Task item ::
For this exercise, write out only the lines of the entries below from the one with "A Saint George" up to and including the one with "vidaXL Nachtkastje Zwart", exactly as they are. Pictures stay out.

Source data ::
· · ·

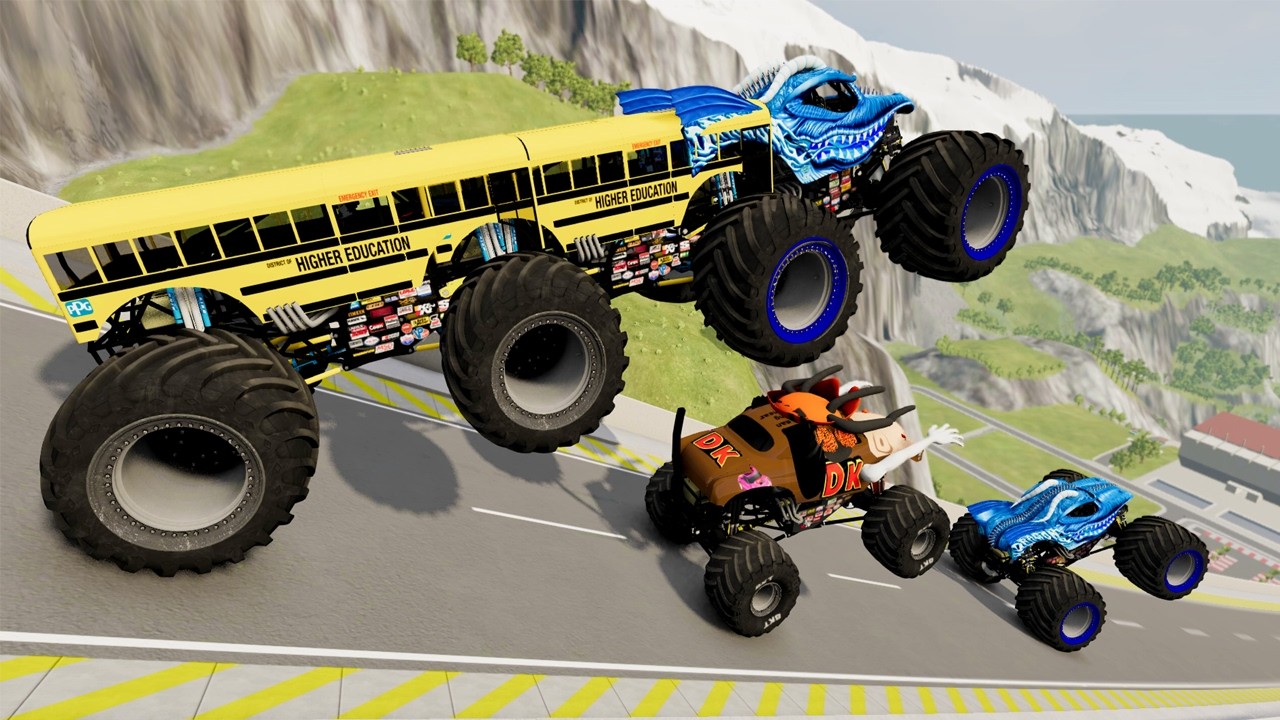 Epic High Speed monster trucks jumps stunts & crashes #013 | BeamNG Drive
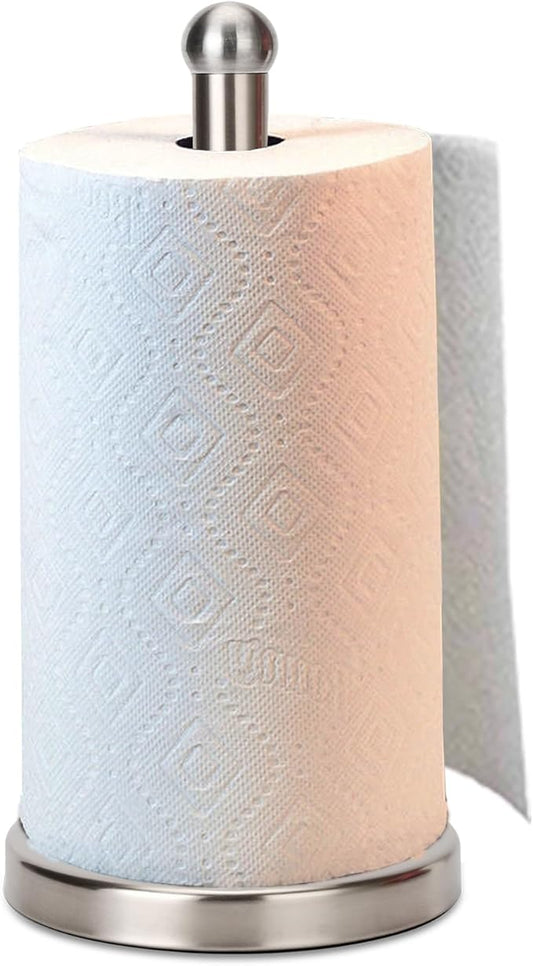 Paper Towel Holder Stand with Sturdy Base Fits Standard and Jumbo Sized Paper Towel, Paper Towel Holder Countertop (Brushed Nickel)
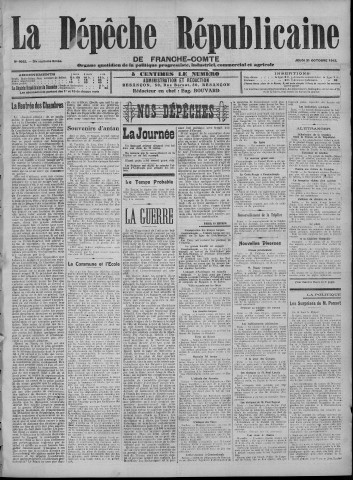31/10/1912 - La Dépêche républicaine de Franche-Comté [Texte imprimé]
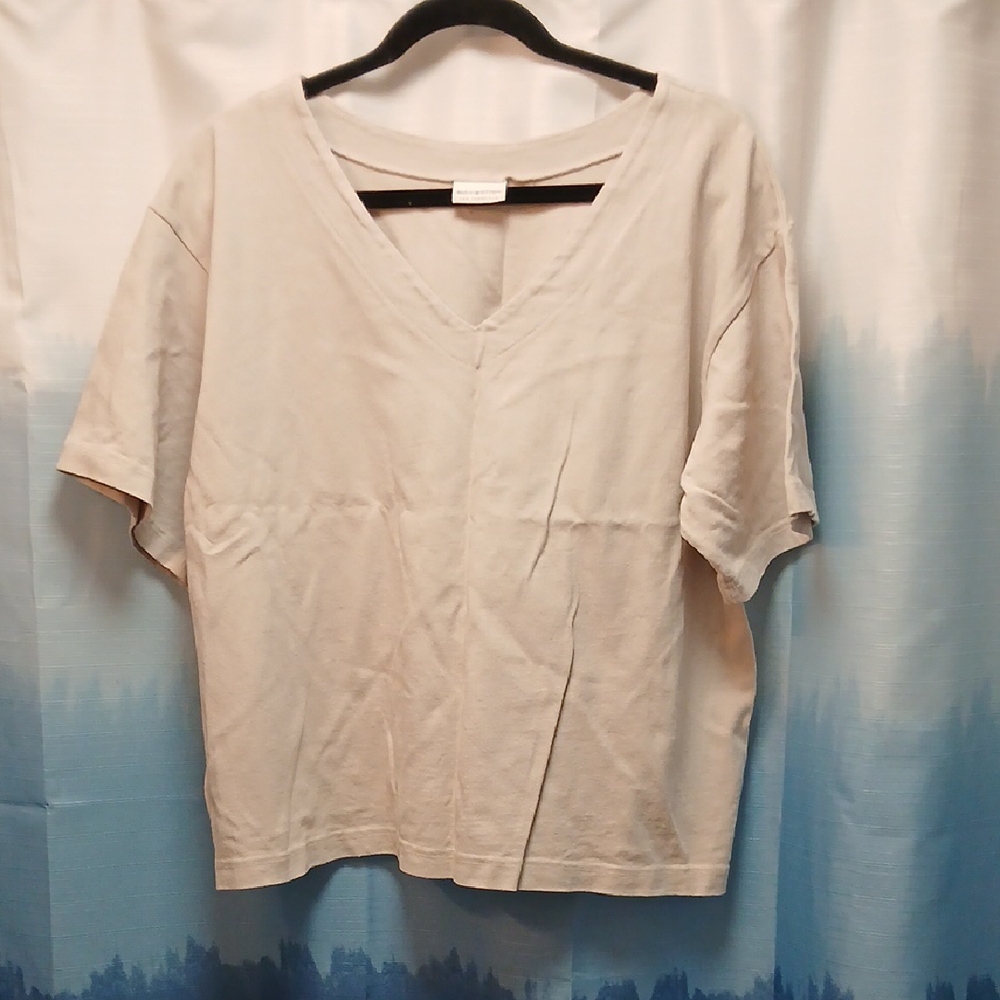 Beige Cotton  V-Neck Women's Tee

· · ·

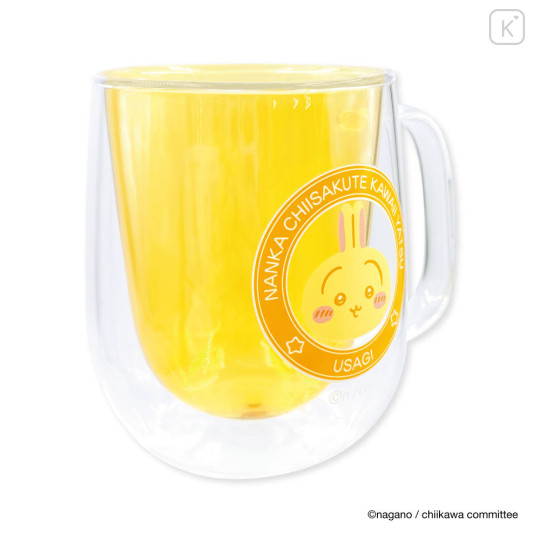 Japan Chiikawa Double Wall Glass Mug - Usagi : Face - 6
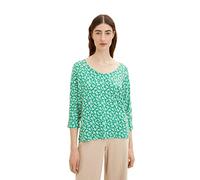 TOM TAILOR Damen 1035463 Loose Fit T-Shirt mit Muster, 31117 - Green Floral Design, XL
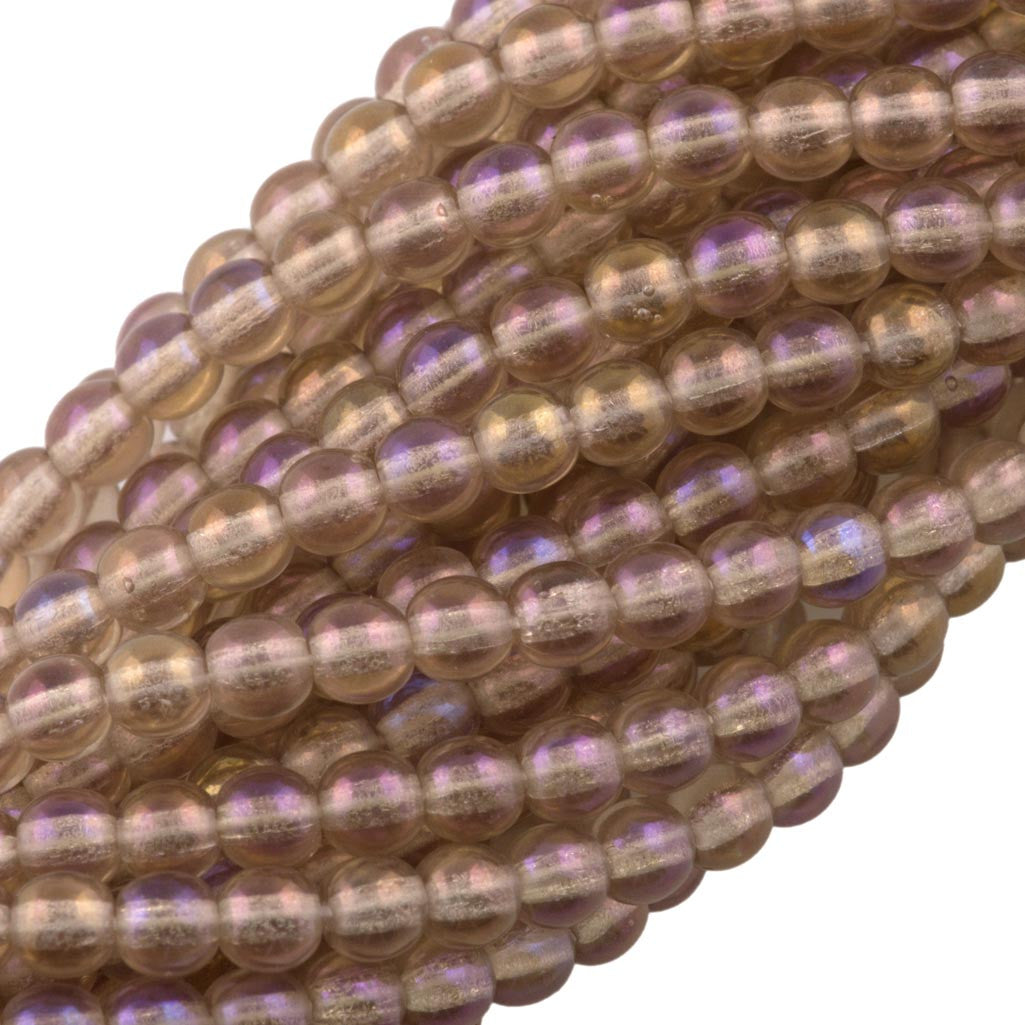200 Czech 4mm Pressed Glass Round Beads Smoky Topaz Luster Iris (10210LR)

· · ·

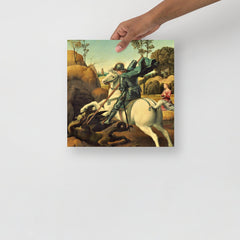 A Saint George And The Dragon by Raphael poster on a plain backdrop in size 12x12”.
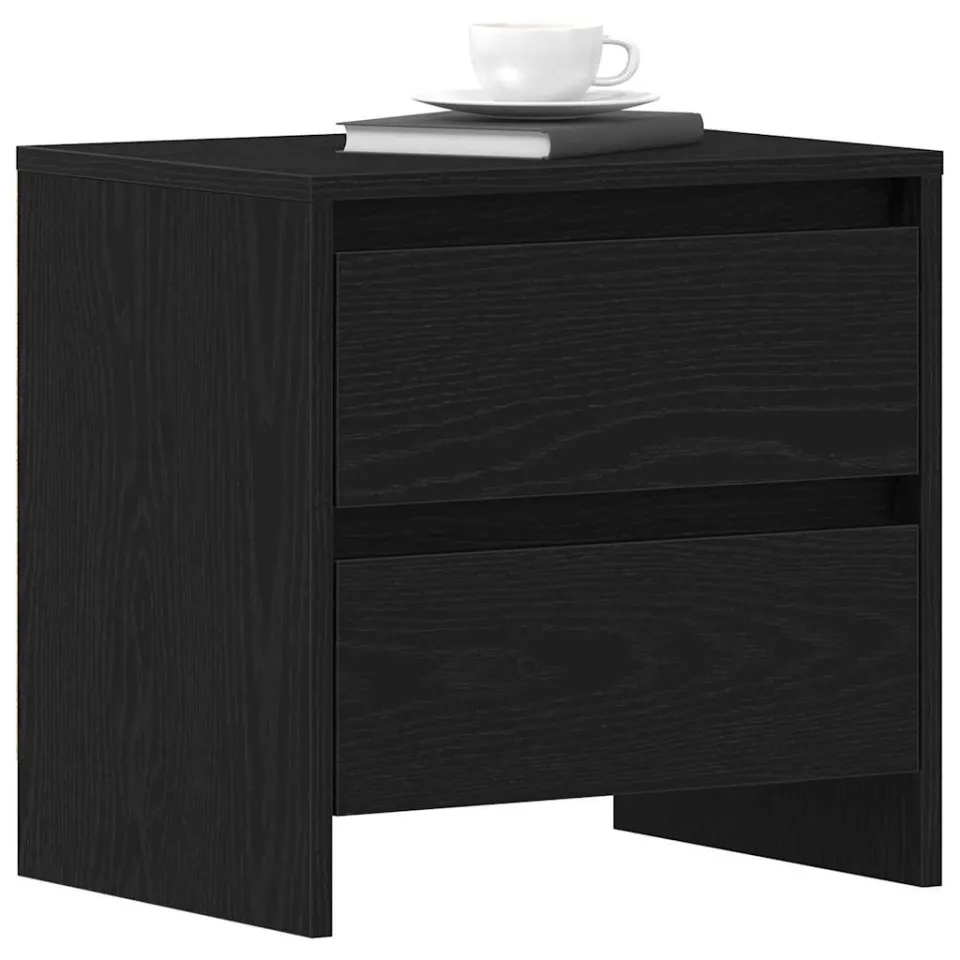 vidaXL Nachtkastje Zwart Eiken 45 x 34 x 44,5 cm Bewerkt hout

· · ·

Response to this exercise ::
 A Saint George And The Dragon by Raphael poster on a plain backdrop in size 12x12”.
 vidaXL Nachtkastje Zwart Eiken 45 x 34 x 44,5 cm Bewerkt hout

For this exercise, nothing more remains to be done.